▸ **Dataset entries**
● ● ●

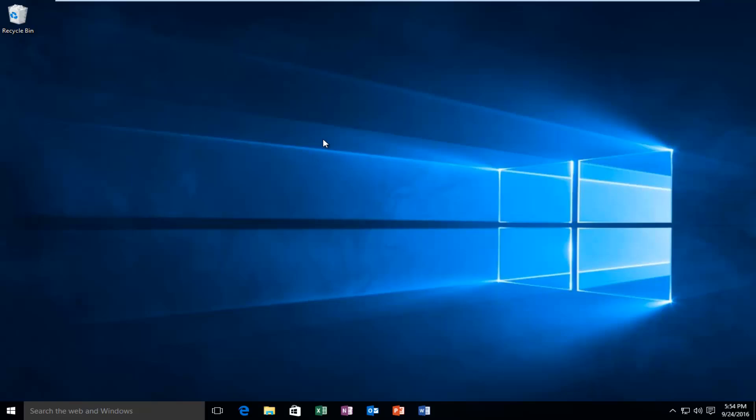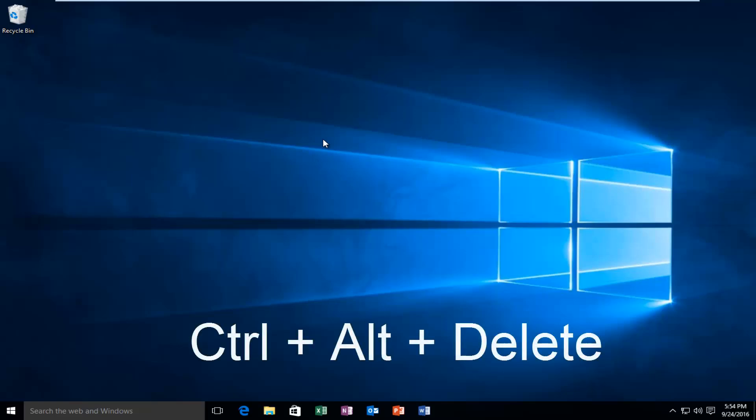A much safer alternative for your computer would be to follow this step. I'm going to hold down the CTRL, ALT, and DELETE keys on my keyboard.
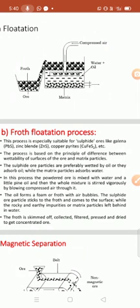This froth flotation process is specially suitable for the concentration of sulphide ores — this is an important exam point. A question may be asked: which process is used for the concentration of sulphide ores — gravity separation method, froth flotation method, electromagnetic method, all of the above, or none of the above? The correct answer is froth flotation method. This method is applicable and suitable for sulphide ores like galena, nickel sulphide, zinc sulphide, copper pyrites, or any other sulphide.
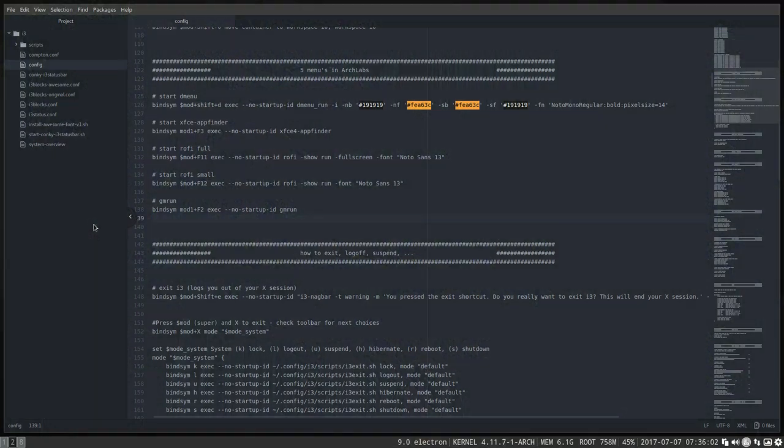Hi, this is going to be a short tutorial just about menus. We're in i3. Remember, if you want to take a look in i3, then you have to log off.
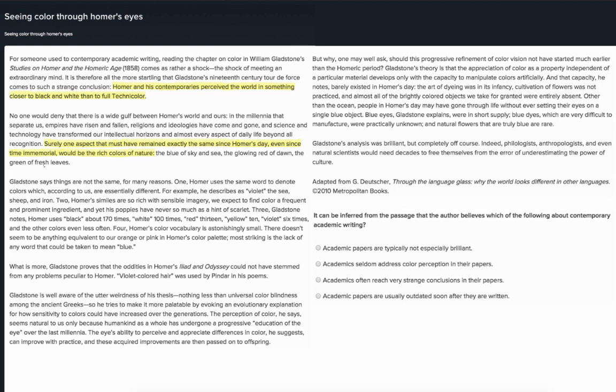Three: Gladstone notes Homer uses black about a hundred and seventy times, white a hundred times, red thirteen, yellow ten, violet six times, and the other colors even less often. Four: Homer's color vocabulary is astonishingly small. There doesn't seem to be anything equivalent to our orange or pink in Homer's color palette.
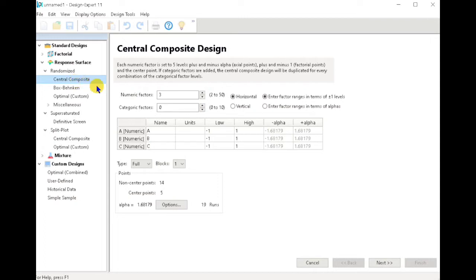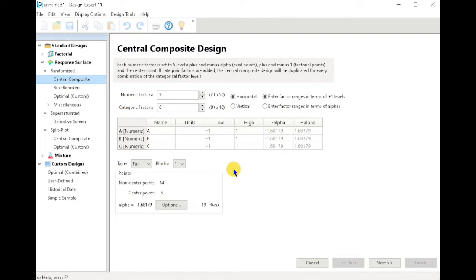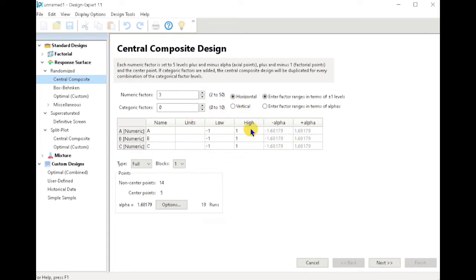The deciding factor for using the Central Composite Design is our set values in the low level and high level. So if we are sure that our optimal values will fall inside our design space for our set low and high levels, then we use the Central Composite Design.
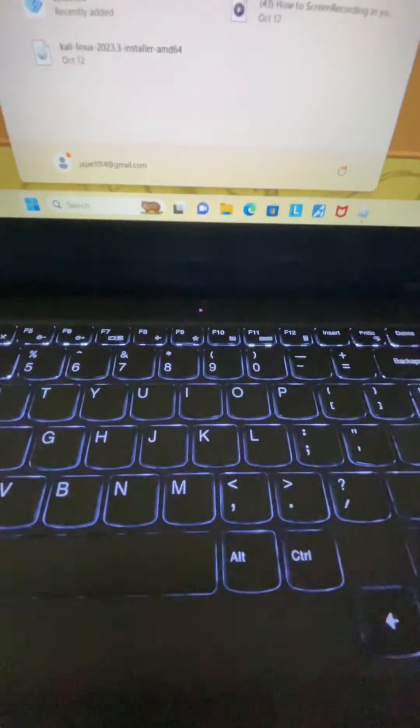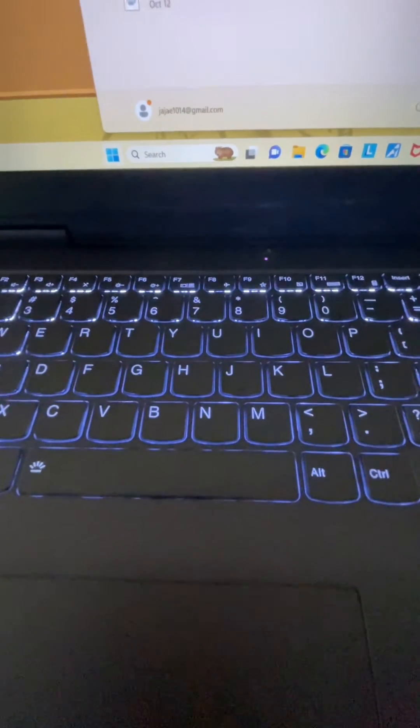So yeah, this is how you turn on the brightness on your keyboard. Bye guys!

● ● ●

Could the entries above be copied out exactly, with no pictures included?

▸ **ANSWER BELOW**
A much safer alternative for your computer would be to follow this step. I'm going to hold down the CTRL, ALT, and DELETE keys on my keyboard.
This froth flotation process is specially suitable for the concentration of sulphide ores — this is an important exam point. A question may be asked: which process is used for the concentration of sulphide ores — gravity separation method, froth flotation method, electromagnetic method, all of the above, or none of the above? The correct answer is froth flotation method. This method is applicable and suitable for sulphide ores like galena, nickel sulphide, zinc sulphide, copper pyrites, or any other sulphide.
Hi, this is going to be a short tutorial just about menus. We're in i3. Remember, if you want to take a look in i3, then you have to log off.
Three: Gladstone notes Homer uses black about a hundred and seventy times, white a hundred times, red thirteen, yellow ten, violet six times, and the other colors even less often. Four: Homer's color vocabulary is astonishingly small. There doesn't seem to be anything equivalent to our orange or pink in Homer's color palette.
The deciding factor for using the Central Composite Design is our set values in the low level and high level. So if we are sure that our optimal values will fall inside our design space for our set low and high levels, then we use the Central Composite Design.
So yeah, this is how you turn on the brightness on your keyboard. Bye guys!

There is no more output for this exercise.